_Assignment:_ Give again only what runs from the line with "銗: Gerundet" to the final line of the entries below, exactly as written and without pictures.

Saved data entries
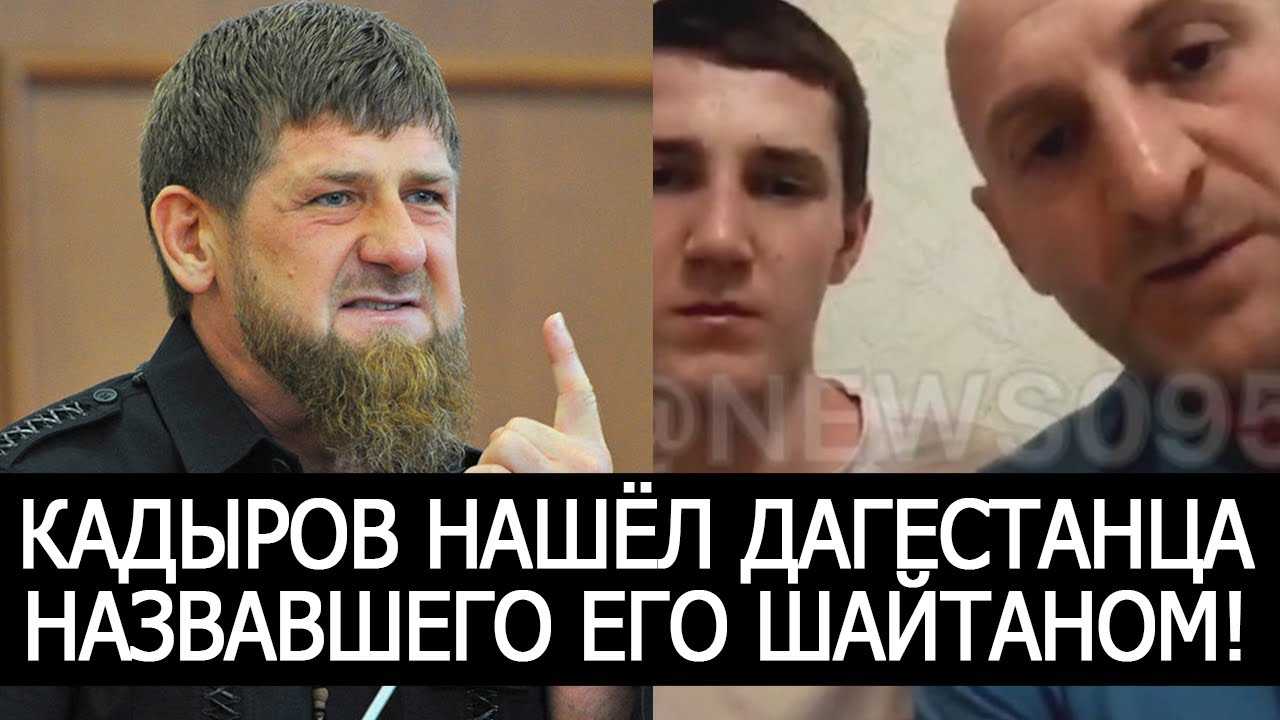 Все о тайной жене рамзана кадырова, которой 18 лет и точное количество детей главы чеченской республики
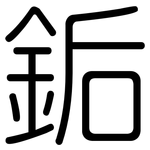 銗: Gerundet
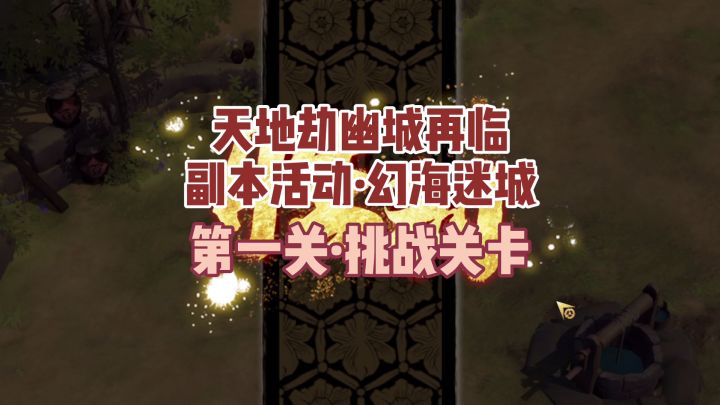 攻略速递丨异闻-幻海迷城关卡视频通关教学奉上! 1截图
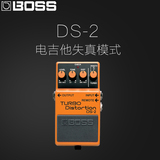 BOSS DS-2 BOSS DS2 失真 电吉他单块效果器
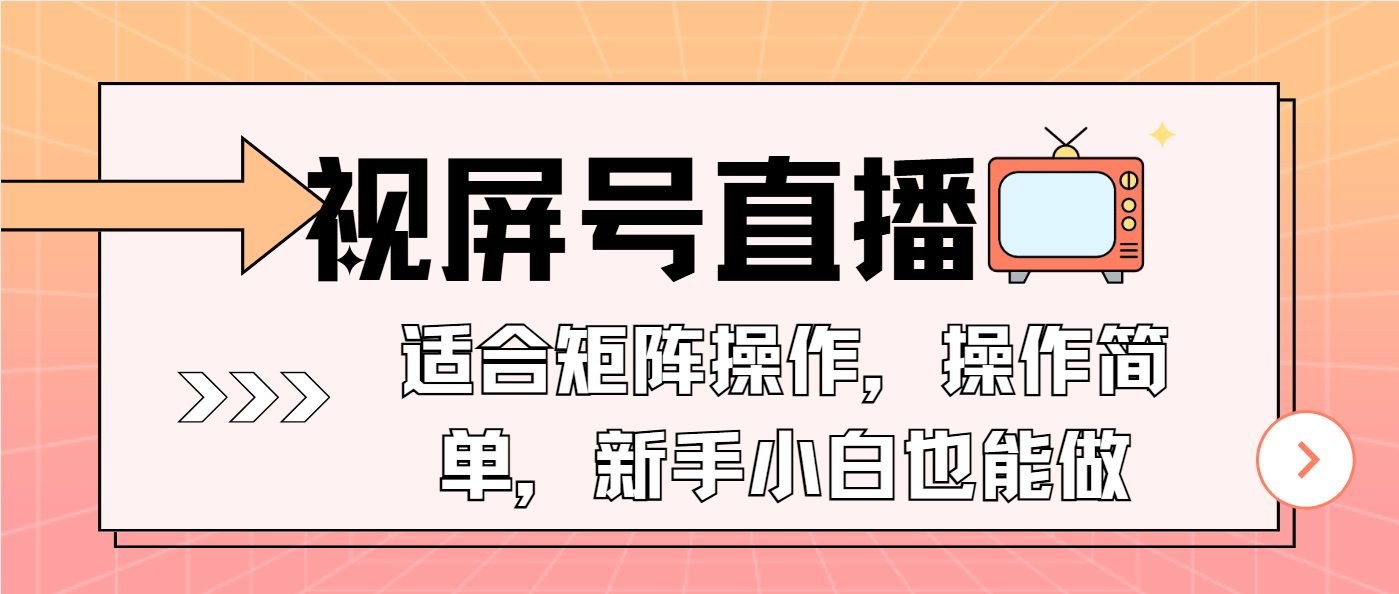 视屏号直播，适合矩阵操作，操作简单， 一部手机就能做，小白也能做，... - 中创网-中创网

_Answer to the problem:_
 銗: Gerundet
 攻略速递丨异闻-幻海迷城关卡视频通关教学奉上! 1截图
 BOSS DS-2 BOSS DS2 失真 电吉他单块效果器
 视屏号直播，适合矩阵操作，操作简单， 一部手机就能做，小白也能做，... - 中创网-中创网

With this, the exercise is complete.